• _Problem details_
Each line from the one holding "- Publicité Anita" to the last line of the listing must be set down exactly. No pictures are to be included.

• _Raw data_
# # # # #

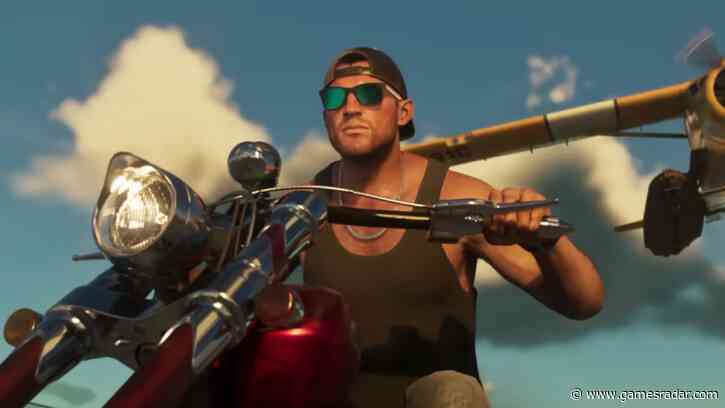 Solo dev plans to "beat the real GTA 6 to launch" with their own, AI-fueled version of Rockstar's upcoming game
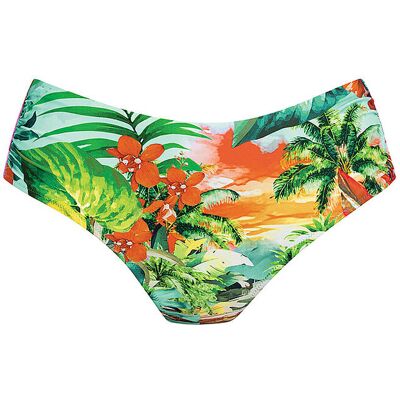 Anita Bas de bikini pour femmes Paradise Mira vert 42 - Publicité Anita Bas de bikini pour femmes Paradise Mira vert 42 - Publicité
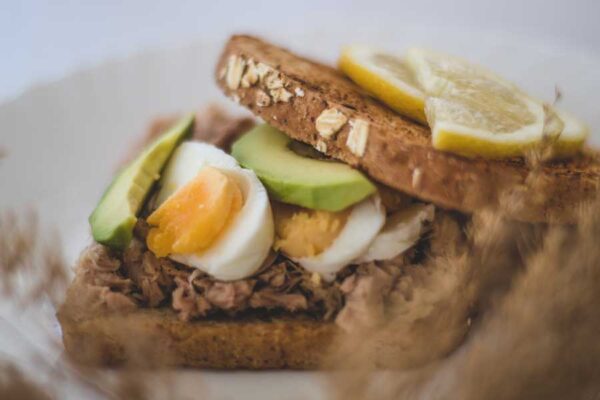 Is Healthy Food a Right or a Privilege?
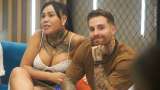 Yina Calderón reaccionó a tutela que le interpuso Mateo Varela: “Atrevido”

# # # # #

• _Completed task_
 Anita Bas de bikini pour femmes Paradise Mira vert 42 - Publicité Anita Bas de bikini pour femmes Paradise Mira vert 42 - Publicité
 Is Healthy Food a Right or a Privilege?
 Yina Calderón reaccionó a tutela que le interpuso Mateo Varela: “Atrevido”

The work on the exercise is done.